_Input data:_
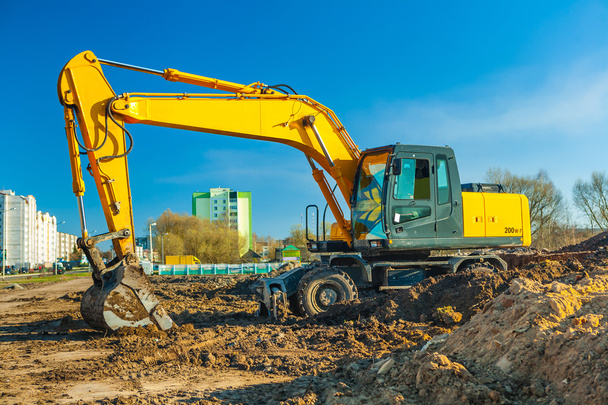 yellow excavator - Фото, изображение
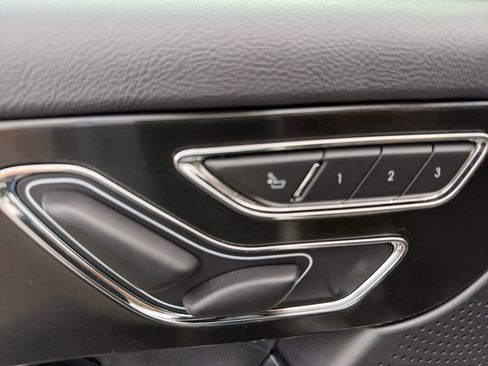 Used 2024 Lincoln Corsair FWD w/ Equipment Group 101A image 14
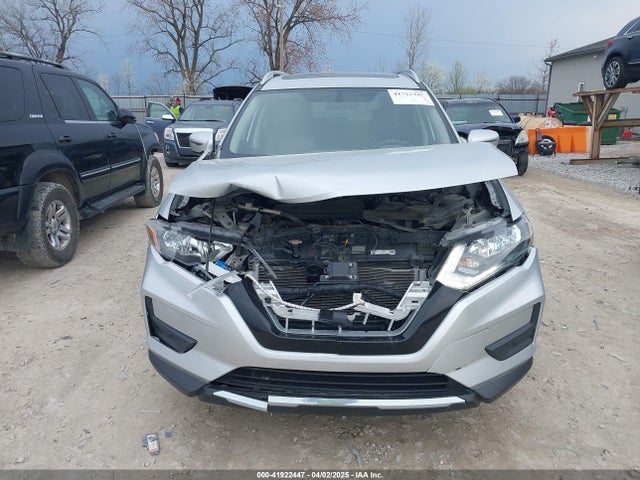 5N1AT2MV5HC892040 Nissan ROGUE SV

* * *

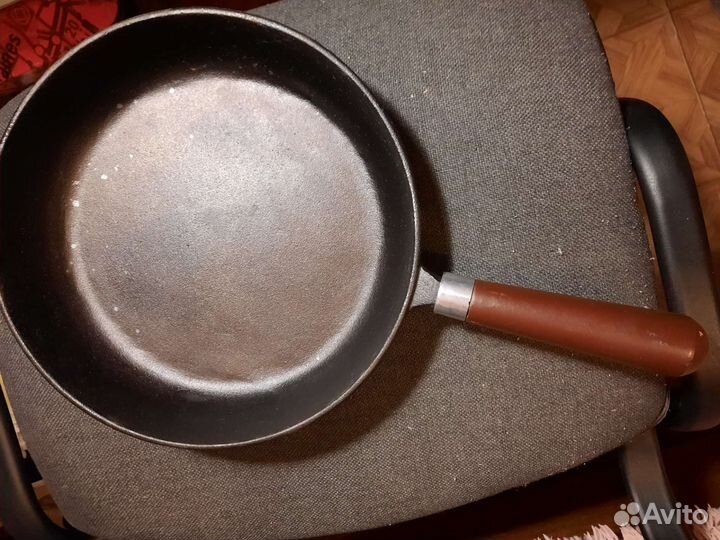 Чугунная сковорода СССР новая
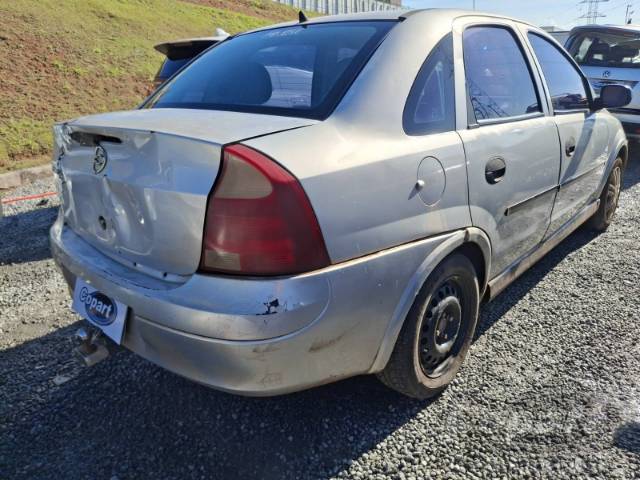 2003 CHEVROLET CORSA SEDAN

---

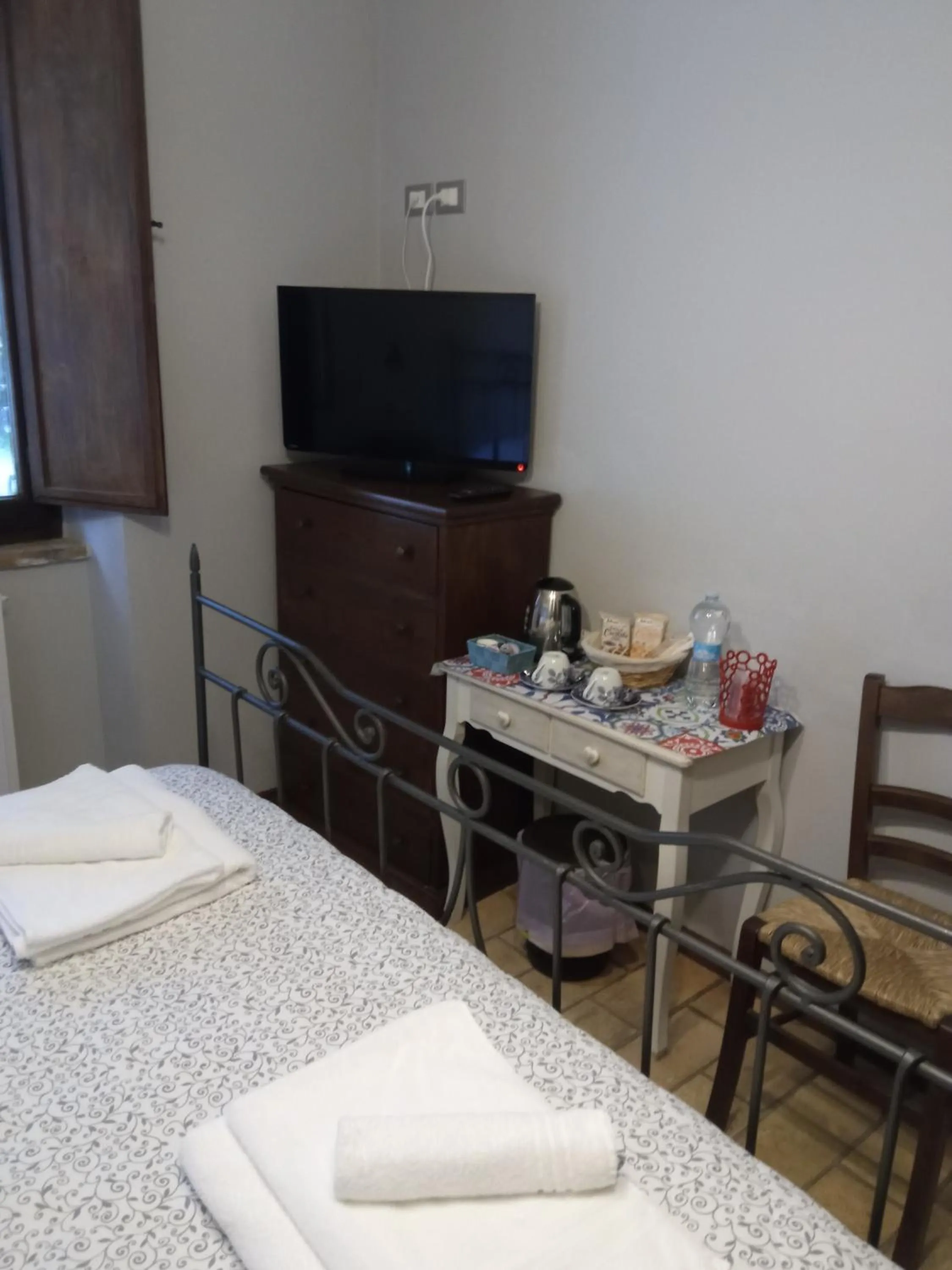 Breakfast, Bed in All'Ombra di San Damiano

_What you should do:_
Range to print from the listing above: from the line with "Used 2024 Lincoln" up to and including the line with "5N1AT2MV5HC892040 Nissan ROGUE SV". Please print those lines exactly, with no pictures and nothing more.

_Your solution:_
 Used 2024 Lincoln Corsair FWD w/ Equipment Group 101A image 14
 5N1AT2MV5HC892040 Nissan ROGUE SV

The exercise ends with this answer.